Given this sequence $Q_1(x)=x$, $Q_{n+1}(x)={Q_n(x+1)\over Q_n(x)}$, with $n>=1$, how can I get the explicit n-th term relation?
More precisely, $Q_n(x)=$ ? (when $n>=0$)
I'm eager to learn a method for expliciting this multi-variable recurrences in the future.
On
Just try for small $n.$
$$Q_1(x) = x$$
$$Q_2(x) = Q_1(x+1)/Q_1(x) = (x+1)/x.$$
$$Q_3(x) = Q_2(x+1)/Q_2(x) = ((x+2)/(x+1))/((x+1)/x) = (x+2)x/(x+1)^2.$$
$$Q_4(x) = Q_3(x+1)/Q_3(x) = ((x+3)(x+1)/(x+2)^2)/((x+2)x)/(x+1)^2) = (x+3)(x+1)^3/((x+1)^2(x+2)^2 x).$$
It does not look like there will be any simple expression.

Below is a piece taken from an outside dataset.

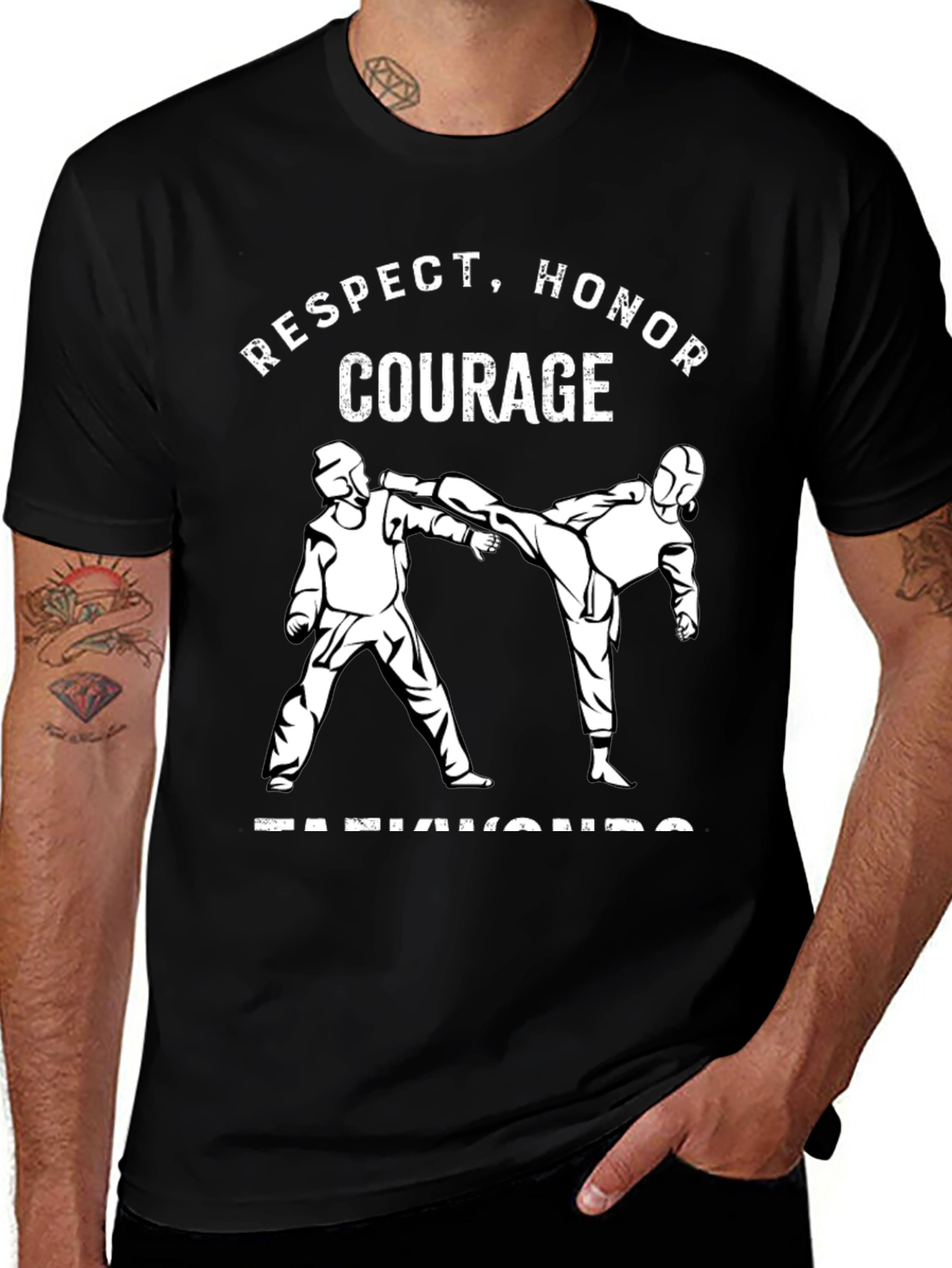 Respect Honor Courage Taekwondo Black T-Shirt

For every $n\geqslant0$ and $k\geqslant1$, $$ Q_{n+k}(x)=\prod_{i=0}^nQ_k(x+i)^{(-1)^{n-i}{n\choose i}}, $$ hence, for every $n\geqslant0$, $$ Q_{n+1}(x)=\prod_{i=0}^{n}(x+i)^{(-1)^{n-i}{n\choose i}}=\frac{(x+n)}{(x+n-1)^{{n\choose1}}}\cdot\frac{(x+n-2)^{{n\choose 2}}}{(x+n-3)^{{n\choose3}}}\cdots $$